◆ Exercise goal: A complete, exact copy of the data is the required answer.

[Dataset entries]
•••
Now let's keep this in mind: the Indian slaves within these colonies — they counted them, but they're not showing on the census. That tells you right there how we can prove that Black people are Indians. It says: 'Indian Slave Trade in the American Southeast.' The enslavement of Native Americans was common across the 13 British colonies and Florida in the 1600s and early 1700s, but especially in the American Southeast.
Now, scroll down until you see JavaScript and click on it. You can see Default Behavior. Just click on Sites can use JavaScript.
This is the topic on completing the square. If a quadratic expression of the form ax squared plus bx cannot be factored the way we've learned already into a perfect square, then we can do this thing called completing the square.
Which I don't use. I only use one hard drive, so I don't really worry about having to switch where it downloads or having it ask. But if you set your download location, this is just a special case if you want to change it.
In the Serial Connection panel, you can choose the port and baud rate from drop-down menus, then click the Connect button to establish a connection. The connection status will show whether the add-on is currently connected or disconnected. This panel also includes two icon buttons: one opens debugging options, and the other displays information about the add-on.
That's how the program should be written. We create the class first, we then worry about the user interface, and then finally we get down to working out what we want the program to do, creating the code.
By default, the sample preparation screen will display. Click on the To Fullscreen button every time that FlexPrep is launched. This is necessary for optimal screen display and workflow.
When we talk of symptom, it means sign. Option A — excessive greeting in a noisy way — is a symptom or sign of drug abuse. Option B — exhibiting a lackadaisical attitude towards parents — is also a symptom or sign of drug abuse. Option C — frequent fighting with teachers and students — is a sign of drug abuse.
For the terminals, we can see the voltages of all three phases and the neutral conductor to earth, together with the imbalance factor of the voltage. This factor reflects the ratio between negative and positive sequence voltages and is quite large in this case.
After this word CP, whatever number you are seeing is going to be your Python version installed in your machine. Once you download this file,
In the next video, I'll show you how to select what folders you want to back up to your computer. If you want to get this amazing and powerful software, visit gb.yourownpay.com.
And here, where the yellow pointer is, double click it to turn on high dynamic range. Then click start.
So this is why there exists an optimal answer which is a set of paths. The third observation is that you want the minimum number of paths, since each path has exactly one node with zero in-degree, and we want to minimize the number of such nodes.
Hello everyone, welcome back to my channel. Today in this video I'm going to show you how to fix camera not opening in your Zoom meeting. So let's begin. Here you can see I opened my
•••
◆ Exercise response:
Now let's keep this in mind: the Indian slaves within these colonies — they counted them, but they're not showing on the census. That tells you right there how we can prove that Black people are Indians. It says: 'Indian Slave Trade in the American Southeast.' The enslavement of Native Americans was common across the 13 British colonies and Florida in the 1600s and early 1700s, but especially in the American Southeast.
Now, scroll down until you see JavaScript and click on it. You can see Default Behavior. Just click on Sites can use JavaScript.
This is the topic on completing the square. If a quadratic expression of the form ax squared plus bx cannot be factored the way we've learned already into a perfect square, then we can do this thing called completing the square.
Which I don't use. I only use one hard drive, so I don't really worry about having to switch where it downloads or having it ask. But if you set your download location, this is just a special case if you want to change it.
In the Serial Connection panel, you can choose the port and baud rate from drop-down menus, then click the Connect button to establish a connection. The connection status will show whether the add-on is currently connected or disconnected. This panel also includes two icon buttons: one opens debugging options, and the other displays information about the add-on.
That's how the program should be written. We create the class first, we then worry about the user interface, and then finally we get down to working out what we want the program to do, creating the code.
By default, the sample preparation screen will display. Click on the To Fullscreen button every time that FlexPrep is launched. This is necessary for optimal screen display and workflow.
When we talk of symptom, it means sign. Option A — excessive greeting in a noisy way — is a symptom or sign of drug abuse. Option B — exhibiting a lackadaisical attitude towards parents — is also a symptom or sign of drug abuse. Option C — frequent fighting with teachers and students — is a sign of drug abuse.
For the terminals, we can see the voltages of all three phases and the neutral conductor to earth, together with the imbalance factor of the voltage. This factor reflects the ratio between negative and positive sequence voltages and is quite large in this case.
After this word CP, whatever number you are seeing is going to be your Python version installed in your machine. Once you download this file,
In the next video, I'll show you how to select what folders you want to back up to your computer. If you want to get this amazing and powerful software, visit gb.yourownpay.com.
And here, where the yellow pointer is, double click it to turn on high dynamic range. Then click start.
So this is why there exists an optimal answer which is a set of paths. The third observation is that you want the minimum number of paths, since each path has exactly one node with zero in-degree, and we want to minimize the number of such nodes.
Hello everyone, welcome back to my channel. Today in this video I'm going to show you how to fix camera not opening in your Zoom meeting. So let's begin. Here you can see I opened my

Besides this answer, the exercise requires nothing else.